• Provided data
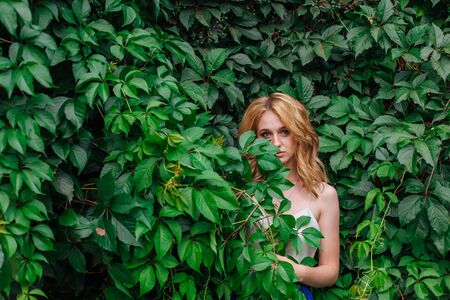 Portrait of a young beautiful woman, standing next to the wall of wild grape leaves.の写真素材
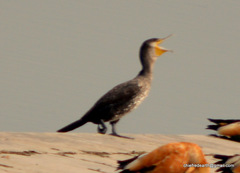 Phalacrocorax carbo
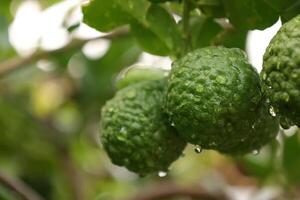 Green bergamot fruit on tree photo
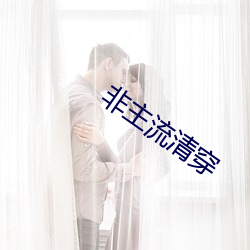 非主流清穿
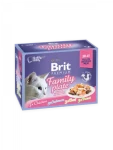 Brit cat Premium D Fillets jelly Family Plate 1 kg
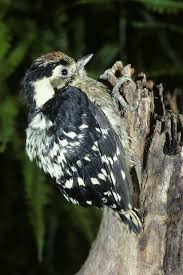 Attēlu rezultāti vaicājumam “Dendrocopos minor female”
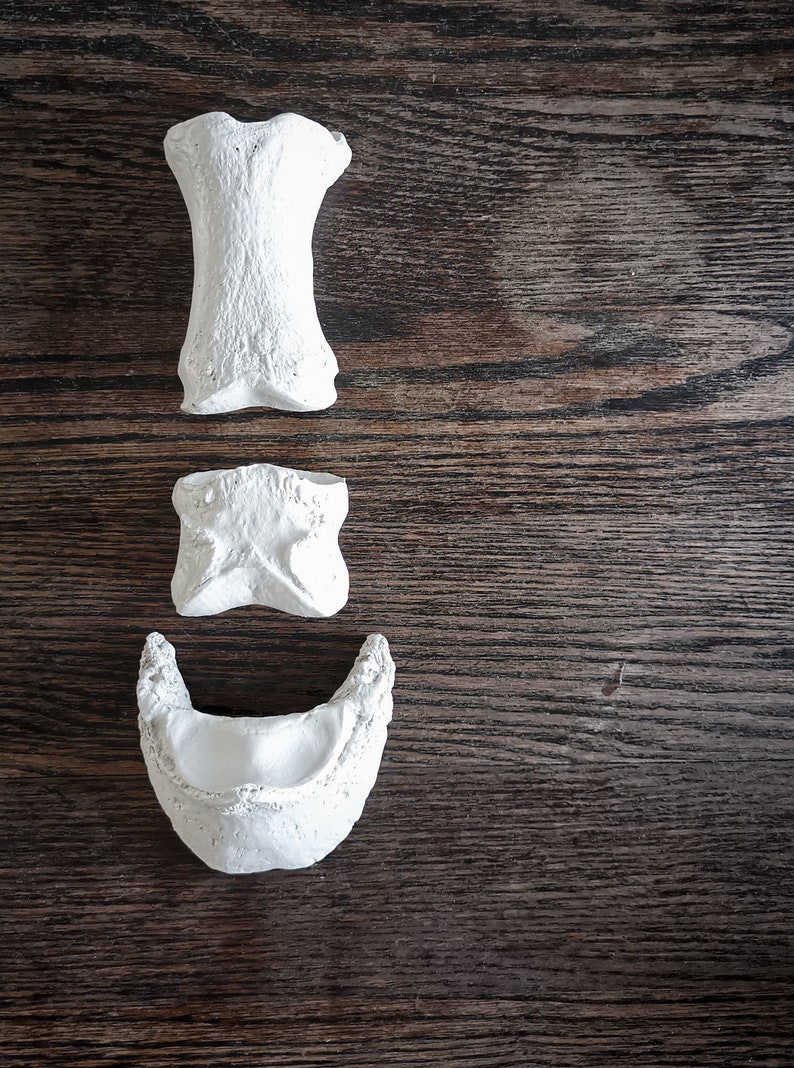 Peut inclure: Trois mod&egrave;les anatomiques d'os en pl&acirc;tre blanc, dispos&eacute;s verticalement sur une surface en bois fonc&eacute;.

• Your instructions
Reproduce, word for word, every line from the one that contains "Green bergamot fruit on tree photo" to the end of the data, including both ends; omit all pictures.

• Response to this exercise
 Green bergamot fruit on tree photo
 非主流清穿
 Brit cat Premium D Fillets jelly Family Plate 1 kg
 Attēlu rezultāti vaicājumam “Dendrocopos minor female”
 Peut inclure: Trois mod&egrave;les anatomiques d'os en pl&acirc;tre blanc, dispos&eacute;s verticalement sur une surface en bois fonc&eacute;.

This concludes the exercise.